Please reproduce all entries word for word and omit their pictures.

═════ Records shown ═════

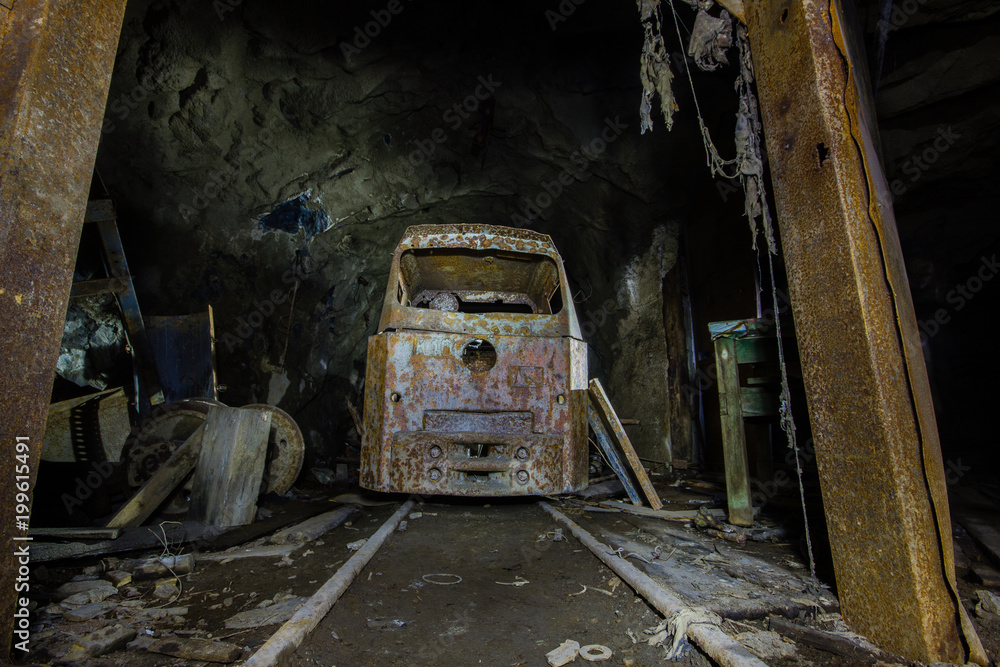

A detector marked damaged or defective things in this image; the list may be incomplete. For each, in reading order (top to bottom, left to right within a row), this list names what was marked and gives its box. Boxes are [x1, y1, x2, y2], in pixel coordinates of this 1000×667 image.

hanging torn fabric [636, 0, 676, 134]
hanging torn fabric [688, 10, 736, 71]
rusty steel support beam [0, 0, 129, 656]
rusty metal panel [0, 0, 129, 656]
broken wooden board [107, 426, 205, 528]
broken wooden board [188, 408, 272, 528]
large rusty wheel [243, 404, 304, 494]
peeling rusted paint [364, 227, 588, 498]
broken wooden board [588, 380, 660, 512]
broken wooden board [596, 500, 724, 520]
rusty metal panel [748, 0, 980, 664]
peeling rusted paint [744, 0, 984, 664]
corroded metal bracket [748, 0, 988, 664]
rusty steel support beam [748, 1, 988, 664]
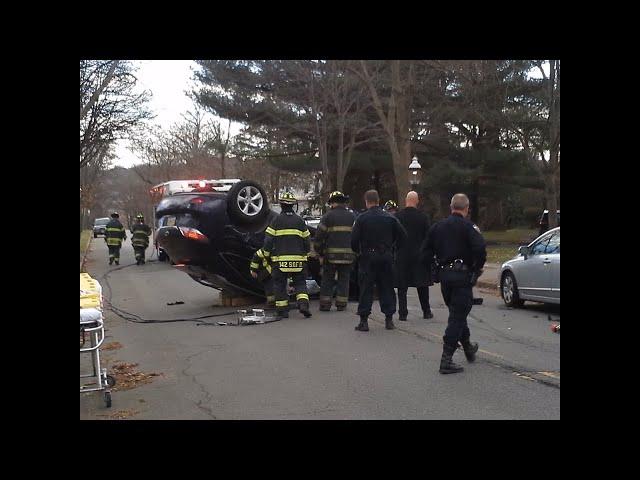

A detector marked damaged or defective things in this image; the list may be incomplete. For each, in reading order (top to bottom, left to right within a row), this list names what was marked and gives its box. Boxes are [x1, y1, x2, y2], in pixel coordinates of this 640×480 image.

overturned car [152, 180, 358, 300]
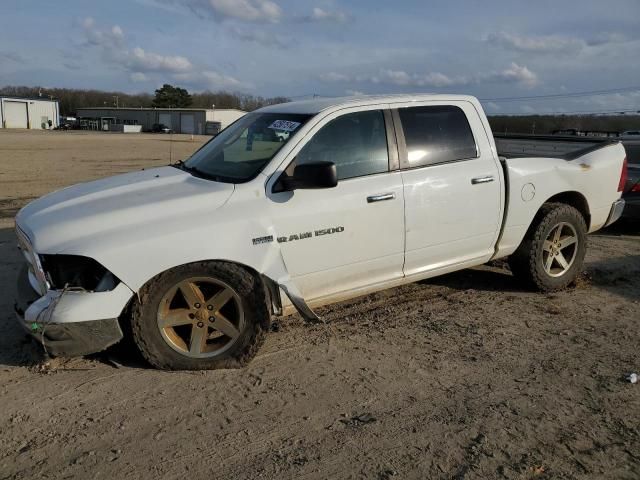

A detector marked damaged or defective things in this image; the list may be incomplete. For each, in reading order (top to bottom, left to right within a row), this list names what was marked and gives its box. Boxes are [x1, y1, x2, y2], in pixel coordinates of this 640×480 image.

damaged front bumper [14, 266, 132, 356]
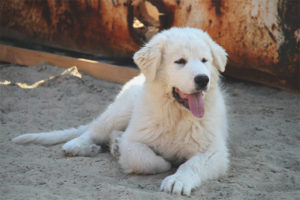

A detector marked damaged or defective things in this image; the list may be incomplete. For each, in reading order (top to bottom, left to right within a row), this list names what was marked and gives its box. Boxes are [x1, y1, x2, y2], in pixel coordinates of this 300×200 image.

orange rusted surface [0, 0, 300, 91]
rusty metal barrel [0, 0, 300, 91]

═════

Reply to the exercise ->
A detector marked damaged or defective things in this image; the list may be incomplete. For each, in reading order (top to bottom, left to right within a row), this list names what was marked and gives its box. Boxes are [x1, y1, x2, y2], in pixel coordinates of this 1000×667 image.

hanging torn fabric [636, 0, 676, 134]
hanging torn fabric [688, 10, 736, 71]
rusty steel support beam [0, 0, 129, 656]
rusty metal panel [0, 0, 129, 656]
broken wooden board [107, 426, 205, 528]
broken wooden board [188, 408, 272, 528]
large rusty wheel [243, 404, 304, 494]
peeling rusted paint [364, 227, 588, 498]
broken wooden board [588, 380, 660, 512]
broken wooden board [596, 500, 724, 520]
rusty metal panel [748, 0, 980, 664]
peeling rusted paint [744, 0, 984, 664]
corroded metal bracket [748, 0, 988, 664]
rusty steel support beam [748, 1, 988, 664]

A detector marked damaged or defective things in this image; the list may be incomplete. For each, in reading order (top to bottom, left to right within a row), this list names what was marked and gives its box. Boxes are [x1, y1, x2, y2], in pixel coordinates of this 640×480 image.

overturned car [152, 180, 358, 300]

A detector marked damaged or defective things in this image; the list may be incomplete. For each, in reading order (top to bottom, left to right within a row), this list names what was marked and gives its box. Boxes are [x1, y1, x2, y2], in pixel coordinates of this 640×480 image.

damaged front bumper [14, 266, 132, 356]

A detector marked damaged or defective things in this image; the list may be incomplete. For each, in reading order (top to bottom, left to right within a row), this list names what was marked and gives its box. Boxes are [x1, y1, x2, y2], in pixel coordinates of this 300×200 image.

orange rusted surface [0, 0, 300, 91]
rusty metal barrel [0, 0, 300, 91]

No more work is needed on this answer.